Toward five o'clock next afternoon, from the swooping back of the air-dragon they sighted a far blue ribbon winding among wooded heights, and knew Hudson once more lay before them.
The girl's heart leaped for joy at thought of once again seeing Hope Villa, the beach, the garden, the sun-dial--all the thousand and one little happy and pleasant things that, made by them in the heart of the vast wilderness, had brought them such intimate and unforgetable delight.
“There it is, Allan!” cried she, pointing. “There's the river again. We'll soon be home now--home again!”
He smiled and nodded, watchful at the wheel, and swung the biplane a little to southward, in the direction where he judged the bungalow must lie.

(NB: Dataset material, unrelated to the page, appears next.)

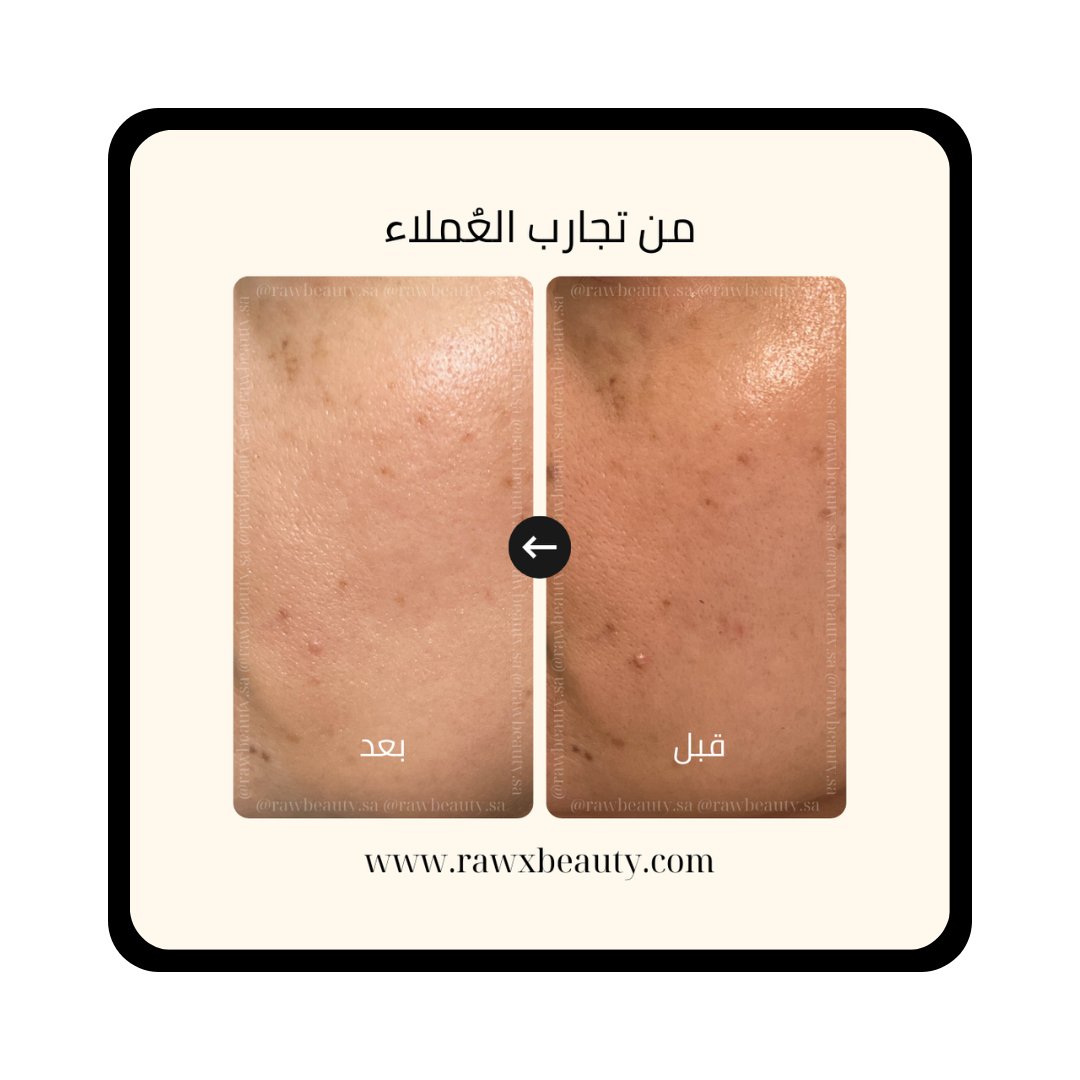 Brightening Face Line Set - Image 3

Weary they both were, yet full of life and strength. The trip from the chasm had been tedious, merely a long succession of hours in the rushing air, with unbroken forest, hills, lakes, rivers, and ever more forest steadily rolling away to westward like a vast carpet a thousand feet below.
No sign of man, no life, no gap in nature's all-embracing sway. Even the occasional heap of ruins marking the grave of some forgotten city served only to intensify the old half-terror they had felt, when flying for the first time, at thought of the tremendous desolation of the world.
The shining plain of Lake Erie had served the first day as a landmark to keep them true to their course.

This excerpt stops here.